Terkait penerimaan Rp2,01 miliar dari PT Adhi Karya untuk pencalonan sebagai Ketua Umum Partai Demokrat, Anas dengan tegas membantah. Sama hanya dengan penerimaan-penerimaan lain dari Permai Group sejumlah Rp116,525 miliar, dan AS$5,261 juta, mobil Toyota Harrier, Toyota Vellfire, dan fasilitas survei.

Anas menjelaskan, saat mencalonkan diri sebagai Ketua Umum Partai Demokrat, ia tidak pernah menerima dana Rp30 miliar dan AS$5,225 juta dari Nazaruddin. Selain itu, Anas membantah telah membagi-bagikan uang kepada pimpinan DPC dan DPD Partai Demokrat untuk pemenangannya sebagai Ketua Umum Partai Demokrat.

Menurut Anas, dari 13 nama yang disebutkan penuntut umum menerima dana untuk pemenangan Anas sebagai Ketua Umum Partai Demokrat, tidak satu pun nama yang menerima. Malahan, Anas menilai uraian penuntut umum tersebut tidak jelas, kabur, dan dibuat berdasarkan data yang tidak benar.

Selanjutnya, mengenai mobil Harrier, Anas merasa heran mengapa penuntut umum menyatakan mobil itu sebagai tanda jadi proyek Hambalang dari PT Adhi Karya. Padahal, Nazaruddin tidak jadi mendapatkan proyek Hambalang. Terlebih lagi, Anas mengaku bahwa mobil Harrier dibeli Anas sebelum menjadi anggota DPR.
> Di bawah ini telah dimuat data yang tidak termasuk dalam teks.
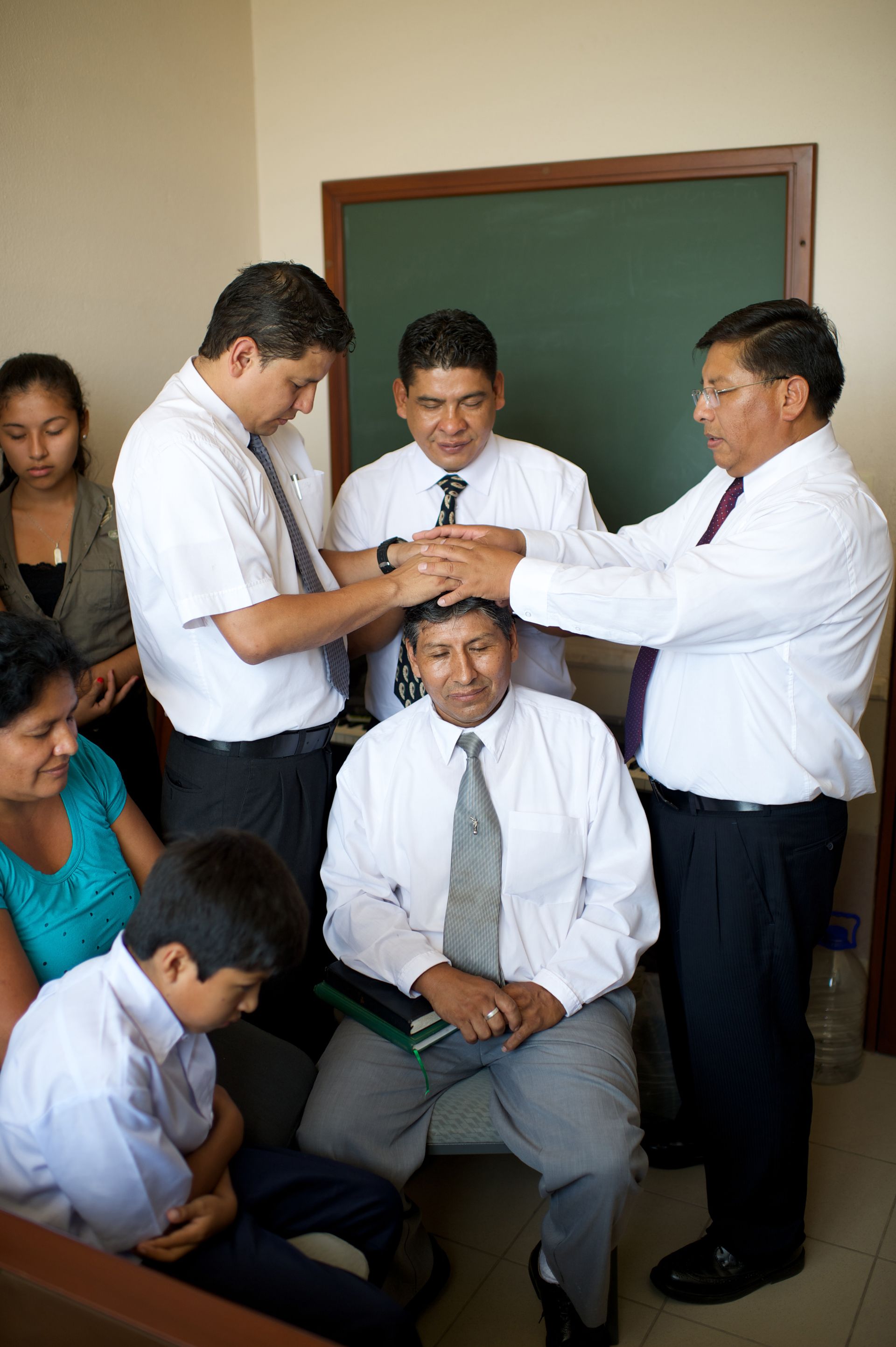 A man receiving a priesthood blessing in Bolivia.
Bantahan tersebut juga disampaikan Anas dalam menghadapi tuduhan pemberian mobil Vellfire dan fasilitas survei dari PT Lingkaran Survei Indonesia (LSI). Anas menyebutkan, dirinya tidak pernah memesan survei LSI. Sementara, mobil Vellfire dipinjamkan oleh seorang sahabat untuk digunakan setelah mundur sebagai anggota DPR.

Penuntut umum I Kadek Wiradana akan menyampaikan tanggapan atas eksepsi pekan depan. Usai sidang, Kadek menanggapi pernyataan Anas yang mengibaratkan penuntut umum penjahit handal. “Kalau Anas bilang dia tidak mengerti dakwaan, saya juga bisa bilang tidak mengerti, apa hubungannya penjahit dengan jaksa,” tandasnya.

Hormati Proses Hukum
Sementara, Juru Bicara KPK Johan Budi meminta Anas menghormati proses hukum terkait eksepsinya yang menyebut dakwaan KPK hanyalah imajiner."KPK ketika membawa suatu perkara ke pengadilan artinya bukti-bukti yang dipunyai bukan hanya dua alat bukti permulaan yang cukup, tapi bukti-bukti lain yang juga cukup," katanya.

Johan mengatakan Majelis Hakim Pengadilan Tindak Pidana Korupsi (Tipikor) di Jakarta yang akan memutuskan apakah dakwaan Jaksa Penuntut Umum KPK terhadap Anas Urbaningrum imajiner atau tidak. "Di Pengadilan, terdakwa juga dapat menyampaikan bantahan terhadap sangkaan-sangkaan yang disampaikan KPK. Biar hakim yang memutuskan," kata Johan.

Johan juga membantah pernyataan Anas tentang campur tangan Ketua Dewan Pembina Partai Demokrat Susilo Bambang Yudhoyono dalam penyidikan serta dakwaan KPK di Pengadilan Tipikor Jakarta.